Making extra principal payments should only come second after maximizing your overall wealth. After all, you don’t want to sell your house later to pay your bills just because you forgo saving enough.

Paying down your mortgage earlier than its term only makes sense when you have no better thing to do with your cash. If you do, you should prioritize and get more value for your excess money.

Loan Application 101: Choosing Between Mortgage Broker or Bank

BankYou likely have to consider applying for a loan if you are planning to purchase a house. However, before you do that, you must evaluate the market condition and choose a loan that offers the lowest interest rates and meets your requirements.

In Salt Lake City, notable mortgage brokers explain that many first-time home owners find it difficult to understand the complex process of applying for a home loan. Additionally, getting a loan involves a number of steps and if you do not understand the nuances, chances are there you will be paying a higher rate of interest.

Here are some of the benefits of hiring a mortgage broker when applying for a home loan.
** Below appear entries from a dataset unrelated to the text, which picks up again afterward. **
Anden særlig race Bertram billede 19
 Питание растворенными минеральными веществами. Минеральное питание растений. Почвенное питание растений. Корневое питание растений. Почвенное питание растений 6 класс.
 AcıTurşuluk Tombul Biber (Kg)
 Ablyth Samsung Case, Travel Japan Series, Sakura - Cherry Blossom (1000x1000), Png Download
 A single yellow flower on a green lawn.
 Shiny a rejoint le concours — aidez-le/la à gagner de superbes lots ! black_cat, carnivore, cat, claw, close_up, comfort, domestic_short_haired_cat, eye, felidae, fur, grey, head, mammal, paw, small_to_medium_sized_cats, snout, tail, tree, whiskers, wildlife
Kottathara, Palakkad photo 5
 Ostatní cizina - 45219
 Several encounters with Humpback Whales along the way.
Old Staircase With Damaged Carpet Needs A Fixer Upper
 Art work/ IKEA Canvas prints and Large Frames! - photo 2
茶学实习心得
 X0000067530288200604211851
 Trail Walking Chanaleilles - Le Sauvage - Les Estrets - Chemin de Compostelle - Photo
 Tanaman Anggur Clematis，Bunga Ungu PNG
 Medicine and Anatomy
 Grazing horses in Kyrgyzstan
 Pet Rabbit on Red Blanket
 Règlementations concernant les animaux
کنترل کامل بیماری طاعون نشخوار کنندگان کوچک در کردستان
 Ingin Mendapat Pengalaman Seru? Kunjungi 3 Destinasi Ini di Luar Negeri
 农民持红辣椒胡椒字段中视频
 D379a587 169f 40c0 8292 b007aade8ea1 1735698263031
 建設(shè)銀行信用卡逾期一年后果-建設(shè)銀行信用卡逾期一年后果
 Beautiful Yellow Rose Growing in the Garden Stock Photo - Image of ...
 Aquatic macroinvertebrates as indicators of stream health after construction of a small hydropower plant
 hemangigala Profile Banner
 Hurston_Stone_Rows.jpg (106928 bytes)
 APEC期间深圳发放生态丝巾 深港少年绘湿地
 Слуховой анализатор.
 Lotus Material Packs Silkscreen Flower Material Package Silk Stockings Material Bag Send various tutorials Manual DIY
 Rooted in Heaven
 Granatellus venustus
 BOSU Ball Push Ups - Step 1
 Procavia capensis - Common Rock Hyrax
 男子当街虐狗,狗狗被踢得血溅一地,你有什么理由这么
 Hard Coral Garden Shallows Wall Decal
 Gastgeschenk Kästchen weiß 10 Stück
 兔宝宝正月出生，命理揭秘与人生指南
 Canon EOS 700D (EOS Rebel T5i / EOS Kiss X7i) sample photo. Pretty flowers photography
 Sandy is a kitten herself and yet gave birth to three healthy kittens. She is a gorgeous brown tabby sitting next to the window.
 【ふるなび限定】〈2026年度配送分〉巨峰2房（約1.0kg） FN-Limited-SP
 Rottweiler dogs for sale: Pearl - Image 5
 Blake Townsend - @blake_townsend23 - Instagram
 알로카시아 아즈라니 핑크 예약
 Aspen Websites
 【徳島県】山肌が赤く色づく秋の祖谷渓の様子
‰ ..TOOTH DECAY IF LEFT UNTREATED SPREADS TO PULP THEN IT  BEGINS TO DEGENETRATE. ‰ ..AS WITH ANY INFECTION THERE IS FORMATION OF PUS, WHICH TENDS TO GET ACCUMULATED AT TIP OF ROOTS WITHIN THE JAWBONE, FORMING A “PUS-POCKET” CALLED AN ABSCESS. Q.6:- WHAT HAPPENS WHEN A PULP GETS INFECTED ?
Thorough knowledge of the market: As a first-time home owner, you may not be well aware of the real estate market. A mortgage broker will be able to guide you from selecting a house to applying for a loan.

Familiarity with the market rates: Interest rates vary based on location, loan amount, and whether you are applying for a loan with fixed or floating rate of interest. A mortgage broker will help you choose a loan based on your financial condition and prevailing market rates.

So if you are considering purchasing a home for the first time it is good idea to consult a mortgage broker.

Advantages of Taking a Loan from a Bank

When you apply for a loan from a bank, you’re rest assured about the credentials of it as a financial institute. The only disadvantage of taking a loan from a bank is that the application process and the release of funds will be much more conservative. However, if you are not in a hurry you can always make this a viable option.

Whether a mortgage broker or a bank, the point is to decide on getting a loan from a financial institution that meets your requirements.